Publishing News South Africa

Lewin and Heyns win Sunday Times Literary Awards

Struggle veteran Hugh Lewin and former Stellenbosch Professor Michiel Heyns have won the 2012 Sunday Times Literary Awards, Lewin for non-fiction and Heyns in the fiction category. The awards are worth R75 000 to each author.

Lewin won for his memoir, Stones Against The Mirror (published by Umuzi), which the judges described as "a beautifully written and intensely personal story of friendship, betrayal and struggle". The book tells the story of Lewin's journey to meet his former colleague and friend, Adrian Leftwich, who had betrayed him to the security police in 1964 resulting in a lengthy jail sentence for sabotage.

The chairman of the Alan Paton judging panel, Prishani Naidoo, said this was "not a story of reconciliation, it speaks in very moving ways to the truth of the character of experiences of friendship, politics and life in apartheid South Africa".

Lewin commented: "I am thrilled to have won the 24th Alan Paton Award and I have to express my gratitude to Ray Hartley and his team at the Sunday Times who helps to nurture the literature in South Africa - and that is vital!"

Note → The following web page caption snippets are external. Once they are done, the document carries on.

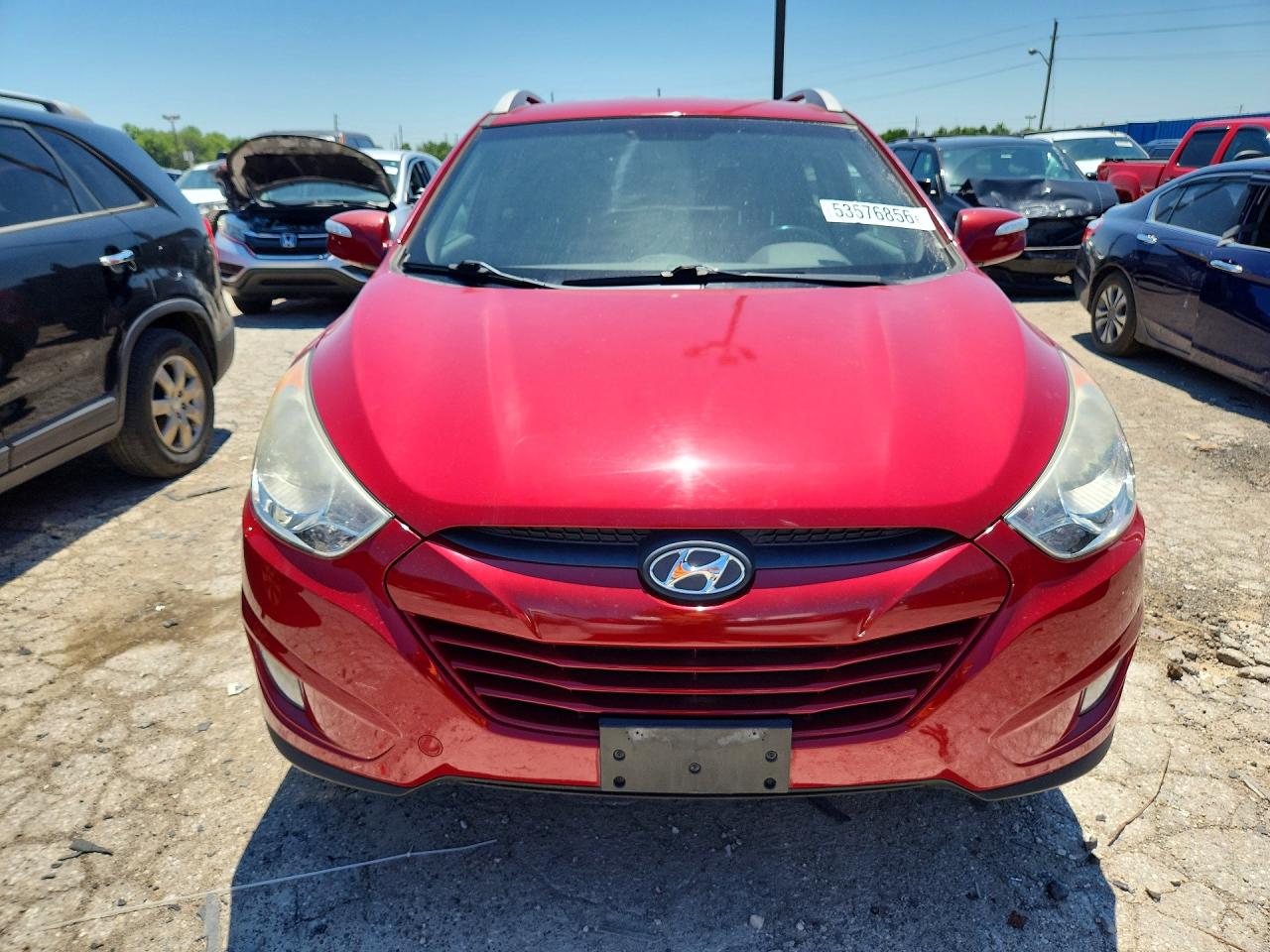 2013 Hyundai Tucson Gls Red vin: KM8JU3AC3DU547812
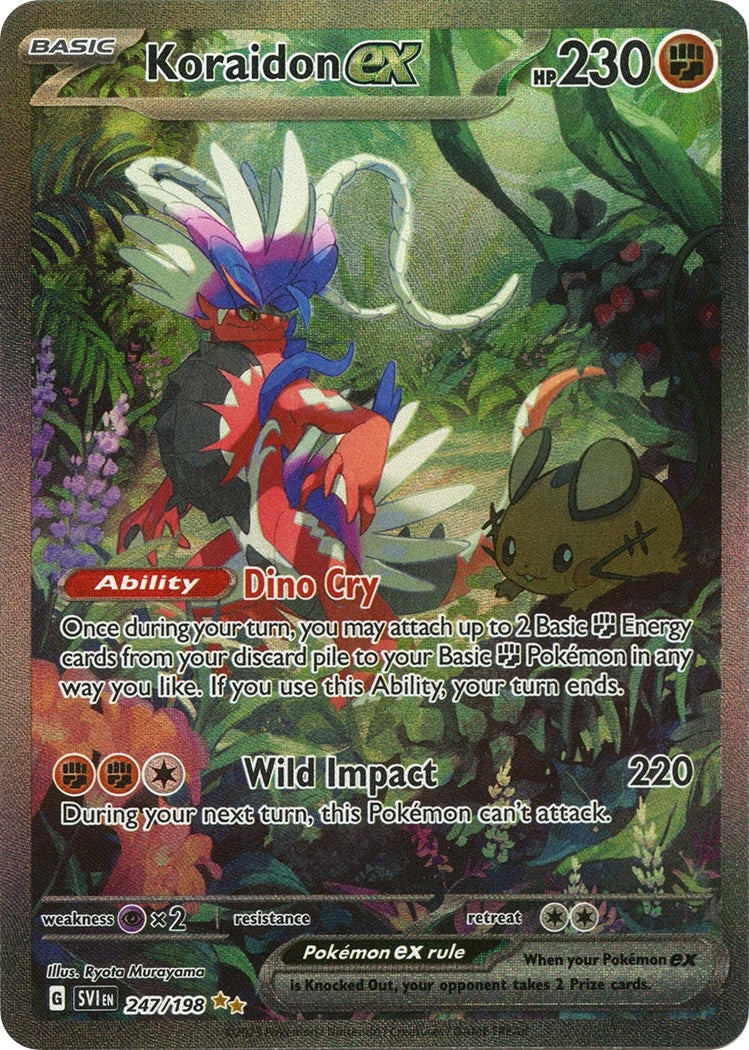 Image for Koraidon ex (SV01: Scarlet & Violet Base Set) (247/198) - Pokemon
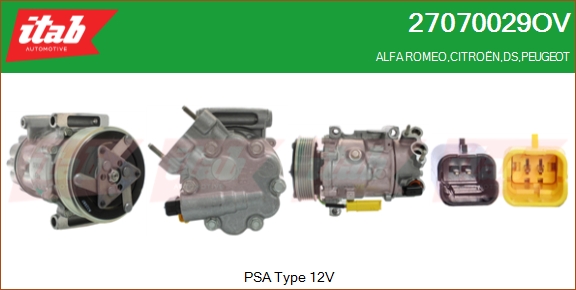 Kompresor klimatizácie ITAB AUTOMOTIVE SRL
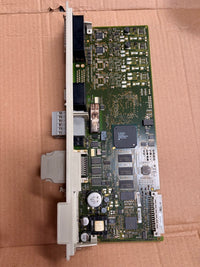 Electronic circuit board on a cardboard surface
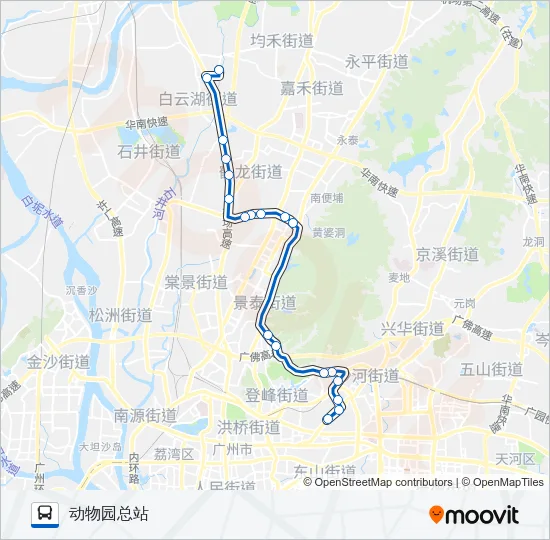 高峰快线79路 Bus Line Map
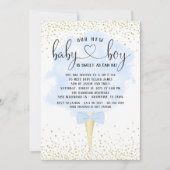 Invitation Garçon Sip et voir le Baby shower de bonbons en co (Devant)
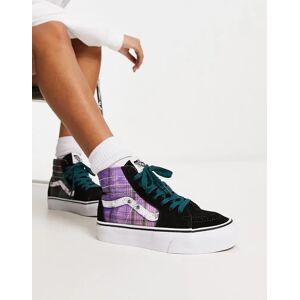 Vans - Sk8-Hi - Baskets montantes fuselÃ©es - Violet et noir Violet 36.5 female - Publicité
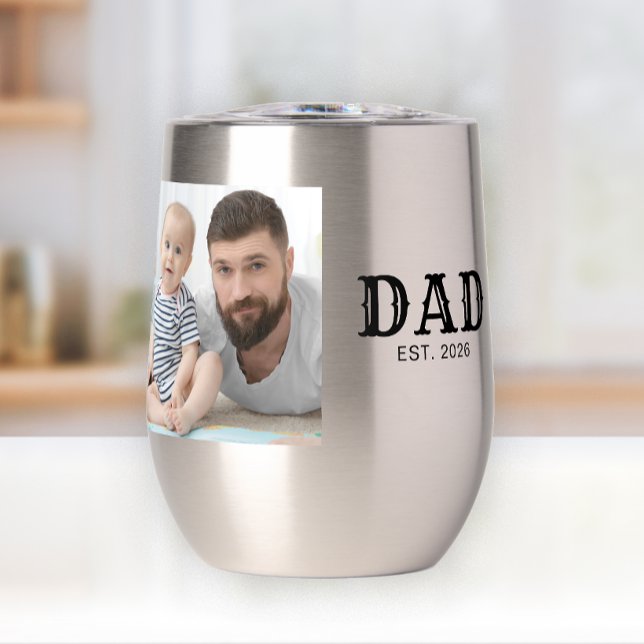Dad Established Black Typography Photo (Creator Uploaded)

Lewin previously won the 2003 Olive Schreiner Prize for his book Bandiet Out Of Jail. A former journalist, he went into exile after completing his jail sentence, returning to South Africa in 1992.

A rare double win

Michiel Heyns completed a rare double win the Sunday Times Fiction Prize with Lost Ground (published by Jonathan Ball), a crime story set in the Karoo. Heyns was a previous joint winner in 2007 for his exceptional translation of Marlene van Niekerk's Agaat.

Lost Ground was described by the judging panel chairman, Professor Sarah Nuttall, as "clever, fast and funny", and she praised its "sheer range of characters" with voices that are "authentic and profound as they unravel the deep threads of what is holding them together".

Heyns' said of the award: "I was privileged to be on an extremely strong shortlist this year and wasn't at all optimistic about winning the 2012 Fiction Prize, but what a wonderful surprise it was when the announcement was made. I must say that I am pleased and honoured to have been in such good shortlist company."

The 68-year-old Michiel Heyns retired as a Professor of English at Stellenbosch University in 2003 to take up full-time writing and has produced five novels - including the recently published Invisible Furies - as well as the award-winning translation of Agaat.